A complete set of compatible observables is one that determines their common eigenvectors uniquely (up to a phase factor of course).

That's why von Neumann entropy is the right "measure of missing information" (I found the above state as a measure for the "surprise" in getting some result from a random experiment also a nice metaphor to get an intuitive idea about entropy as information measure) in this question of what's the most complete information you can have for a quantum system in general. It turns out that these are the pure states, corresponding to the determination of the values of a complete set of compatible observables when the system is prepared in such a state.

The above example is of course not an exception.
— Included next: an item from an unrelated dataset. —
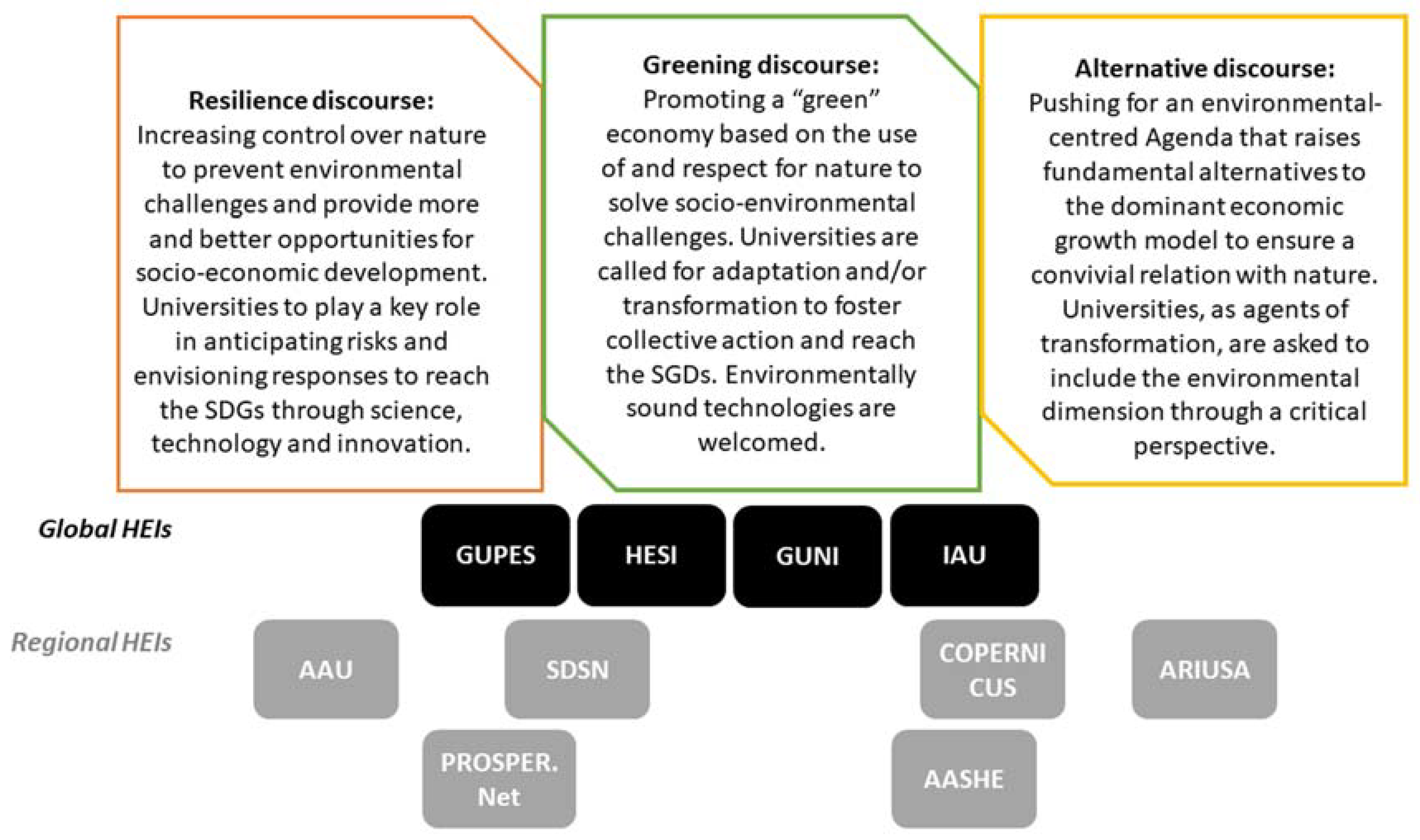 Sustainability 12 01290 g002 Sustainability 12 01290 g002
It just specifies in more detail, what you are interested in, namely in a given specific observable. If the spectrum is non-degenerate it's a complete set and saying to have prepared the system such that the observable takes a definite value is equivalent to preparing it in the corresponding pure state (i.e., the stat. op. is the projector defined by the eigenvector to this eigenvalue).
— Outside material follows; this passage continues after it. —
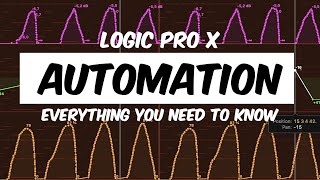 AUTOMATION in Logic Pro X  Everything You Need To Know [upl. by Syst49]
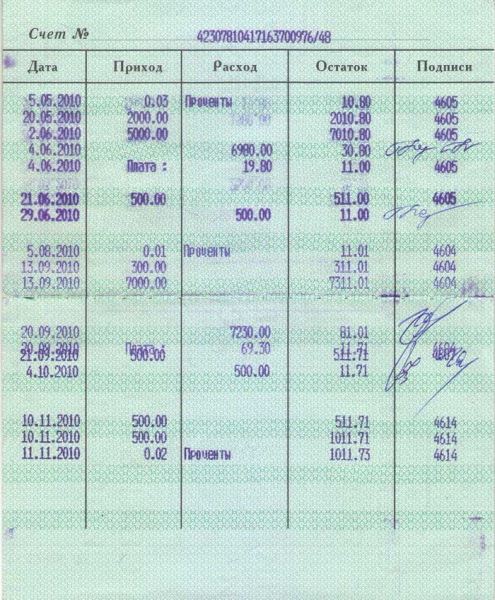 Ипотека Личный опыт, Ипотека, Кредит, Счастье, Деньги, Сбербанк, Саратов, Сочи, Финансы, Финансовая грамотность, Истории из жизни, Длиннопост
If the spectrum is degenerate, just knowing that the observable takes a determined value ##a##, is incomplete knowledge. There are then many states describing the situation, and the question is, what's the best guess for it. Here, the maximum-entropy principle helps: One assigns that state operator to the situation that takes into account the information you have, but no further bias or prejudice.
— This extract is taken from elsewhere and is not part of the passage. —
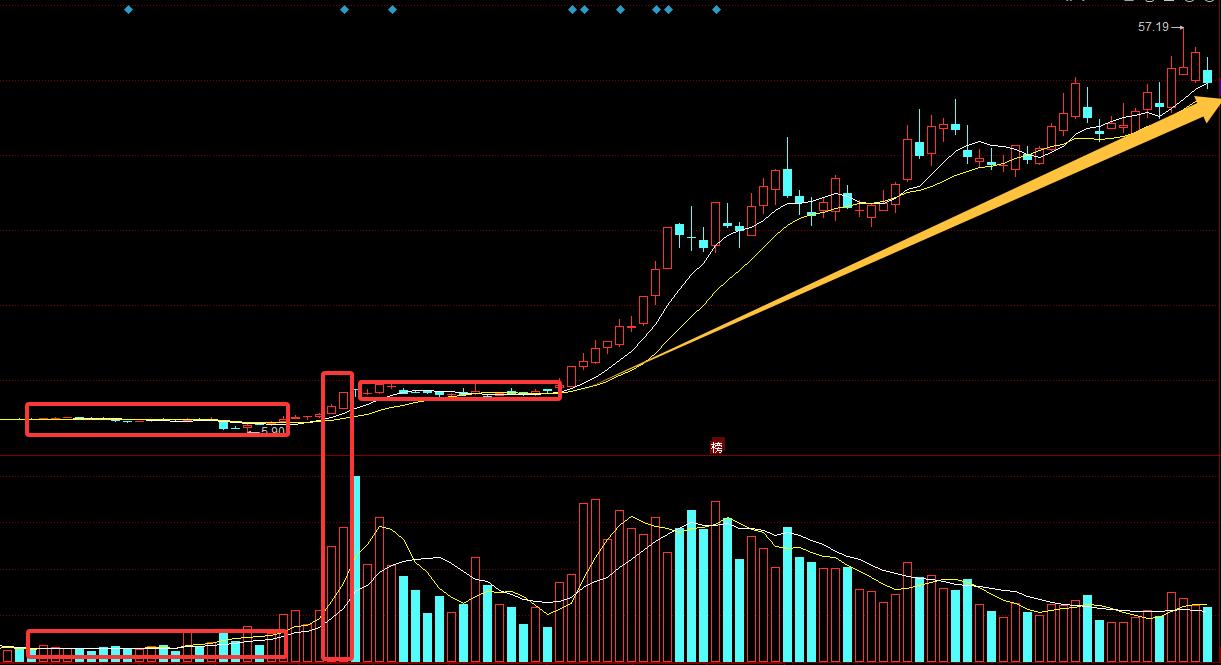 涨停放量突破战法_突破型涨停识别技巧_放量突破平台的选股公式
Now there's an orthonormal set ##|a,\alpha \rangle## of eigenvectors to the eigenvalue ##a## of the operator ##\hat{A}##. Since it's known that the value of ##A## is with certainty ##a##, the probability for finding any other value ##a' \neq a## must vanish, i.e., ##\langle a',\alpha|\hat{\rho}|a',\alpha =0##. Since this is valid for any linear combination of vectors spanned by the ##|a',\alpha \rangle## with ##a'\neq a##, the statistical operator must be of the form

$$\hat{\rho}=\sum_{\alpha_1,\alpha_2} p_{\alpha_1 \alpha_2} |a,\alpha_1 \rangle \langle |a,\alpha_2 \rangle.$$

Since the matrix elements with respect to all ##|a',\alpha \rangle## with ##a \neq a'## thus vanish, the eigenvectors of ##\hat{\rho}## must be in the eigenspace ##\text{Eig}(a,\alpha)## of ##\hat{A}##, and since ##\hat{A} \hat{\rho}=a \hat{\rho}, \quad \hat{\rho} \hat{A}=\hat{\rho} \hat{A}^{\dagger}=a \hat{\rho}## we have ##[\hat{A},\hat{\rho}]=0## and thus there's a common set of eigenvectors of ##\hat{A}## and ##\hat{\rho}##, and this must span thus ##\text{Eig}(a,\alpha)##. We can assume that the ##|a,\alpha \rangle## are those common eigenvectors, and thus the stat. op. simplifies to

$$\hat{\rho}=\sum_{\alpha} p_{\alpha} |a,\alpha \rangle \langle a,\alpha|.$$

The entropy

$$S=-\sum_{\alpha} p_{\alpha} \ln p_{\alpha}$$

must be maximized under the contraint ##\sum_{\alpha} p_{\alpha}=1##, i.e., with the Lagrange parameter for this constraint we find

$$\delta [S+\Omega(\sum_{\alpha} p_\alpha -1)]=0,$$

where now the ##p_{\alpha}## can be varied independently. Thus we have

$$\sum_{\alpha} \delta p_{\alpha} (-\ln p_{\alpha}-1+\Omega)=0$$

leading to

$$\ln p_{\alpha} =\Omega-1=\text{const}.$$

Thus all the ##p_{\alpha}## must be equal, i.e., if the eigenvalue ##a## is ##d_a## fold degenerate, you must have

$$p_{\alpha}=\frac{1}{d_{\alpha}},$$

and finally

$$\hat{\rho}=\frac{1}{d_{\alpha}} \sum_{\alpha=1}^{d_{\alpha}} |a,\alpha \rangle \langle a,\alpha|.$$

For the special case that the eigenvalue is not degenerate, i.e., ##d_{\alpha}=1## you are again back at the corresponding pure state as discussed above.